Norberto Bobbio, um dos críticos contemporâneos da democracia,
afirmou no livro Igualdade e liberdade
que “os cidadãos de um Estado democrático se tornam, através do sufrágio
universal, mais livres e mais iguais. Onde o direito de voto é restrito, os
excluídos são ao mesmo tempo menos iguais e menos livres.” Votar, por pior que
isso possa parecer, ainda é o modo pelo qual podemos exercer a nossa liberdade
na construção de uma sociedade mais justa.
Quando a gente toma conhecimento de atitudes que violam o direito
ao voto, isso soa como mais uma forma de violação das liberdades. Isso se
agrava ainda mais quando praticado por líderes religiosos, comunitários ou
mesmo do mercado. Nesses casos, tais práticas são marcadas por fisiologismo,
interesses escusos e até de manutenção de esquemas que sempre nutriram a corrupção
e desvios de dinheiro público.
Essas práticas estão presentes na sociedade através do discurso
que se dá popularmente sobre as eleições e o envolvimento com a política.

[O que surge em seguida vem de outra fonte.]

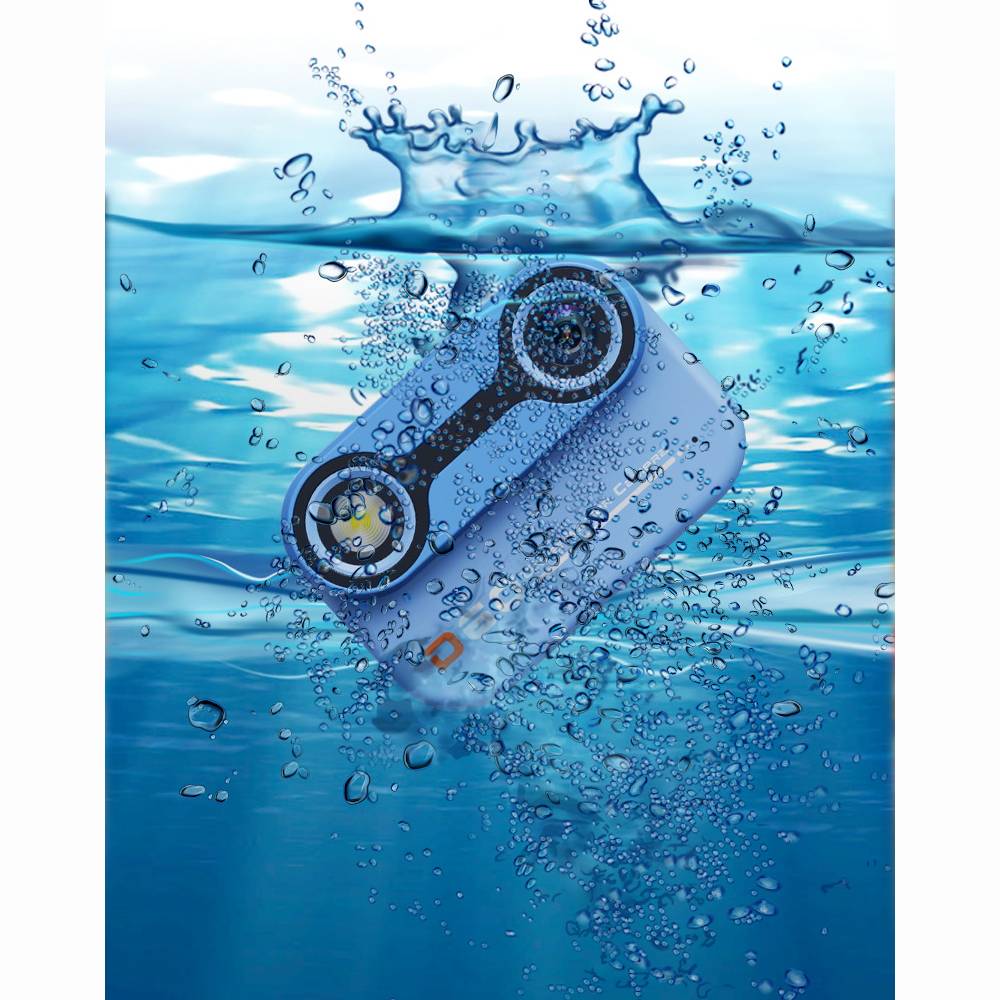 Ein blaues wasserdichtes Gerät schwebt unter Wasser inmitten von Blasen und einem Spritzer und zeigt Wasserbeständigkeit.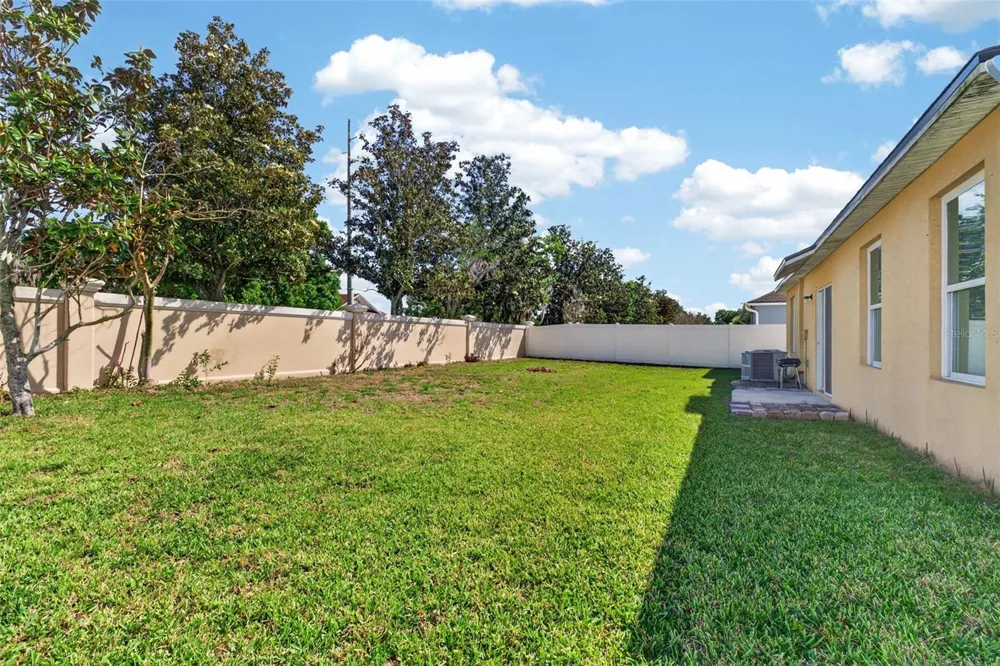 561 LAKE CUMMINGS WAY Lake Alfred, FL 33850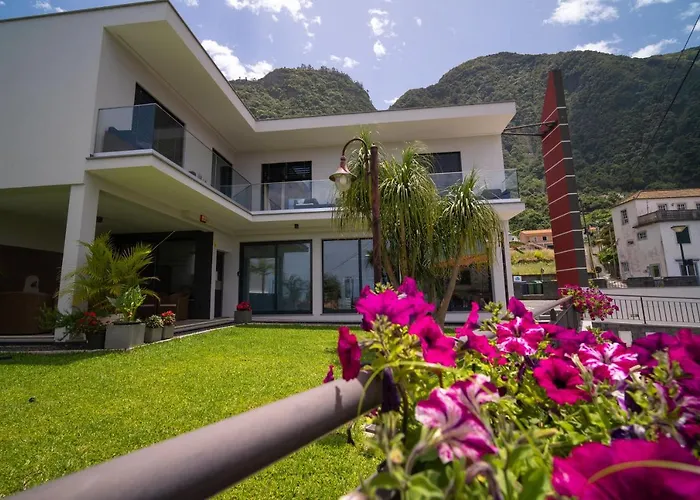 Enxurros House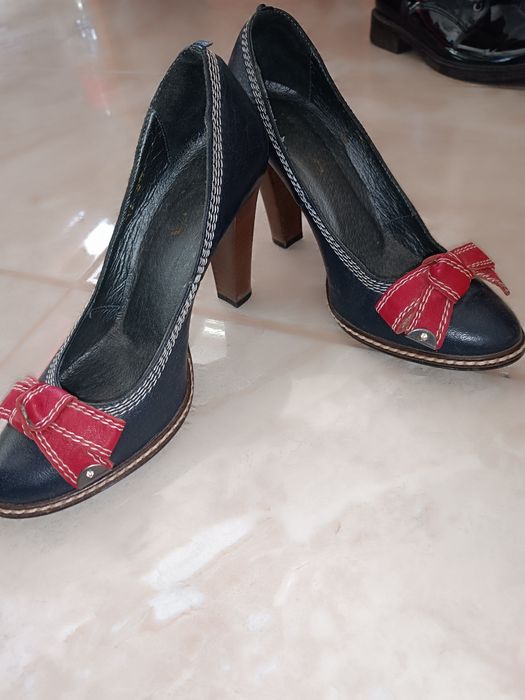 Жіночі туфлі на каблучках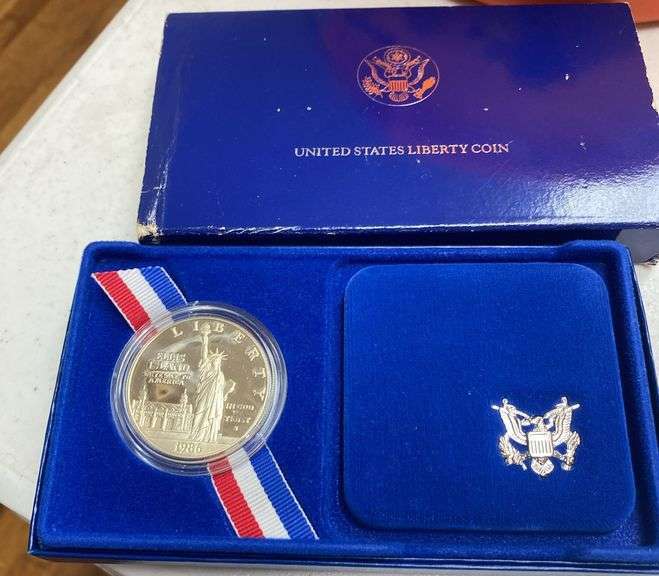 1986 Liberty silver dollar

Tentei arrolar algumas das frases que muita gente anda dizendo e que trazem de
forma implícita uma tentativa de desviar o eleitor do exercício de liberdade na
hora de votar. Veja quais são:
1.
“O voto é meu e faço dele o que quiser.” O voto
não é seu. O voto é da sociedade. Ele não pode ser usado de acordo com a sua
vontade livre, mas para o bem comum. Vale lembrar que voto não tem preço. Tem
consequência. O que se chama hoje de vontade livre é marcado pelo
individualismo e pelo hedonismo, longe do sentido de comunidade. Votar
consciente faz parte do sentido de comunidade.
2. “Vou
anular o meu voto.” Anular o voto corresponde a um voto consciente a menos. Os
maus sabem se organizar para seus empreendimentos. Eles já têm os seus votos
garantidos. A única forma de frear os seus intentos é aumentar o número de
pessoas votando com consciência. Um voto anulado é apenas mais um que abriu mão
de sua responsabilidade de construir uma sociedade mais justa.
3. “Isso nunca
vai mudar.” A mudança é parte da nossa realidade. Estamos sempre mudando. O
problema é que pode ser para pior ou para melhor. Mudanças exigem esforço,
reflexão e escolhas. O momento do voto deve ser o resultado disso. Por isso, faça
um esforço prévio de conhecer o candidato, reflita criticamente sobre a
realidade que a sociedade vive e escolha o candidato que tem uma proposta de
trabalho que corresponda às mudanças que você deseja.
4. “Irmão
vota em irmão.” O cristão sincero não tem que votar em candidatos de sua
religião. Se você é um seguidor de Jesus Cristo, você deve votar em quem tem
compromisso com o sentido de justiça, compaixão, solidariedade e ética que o
evangelho propõe. Nem todo o que se diz irmão tem esse compromisso. E há
pessoas comprometidas com esses ideais que nem religiosas são.
5.
“Pior do que está não fica.” Pior do que está
é permanecer do mesmo jeito, com o mesmo quadro de desigualdade, de violência e
de maldade que estamos inseridos. Não haverá melhoria enquanto houver
continuidade do que sustenta a estrutura e a conjuntura atual.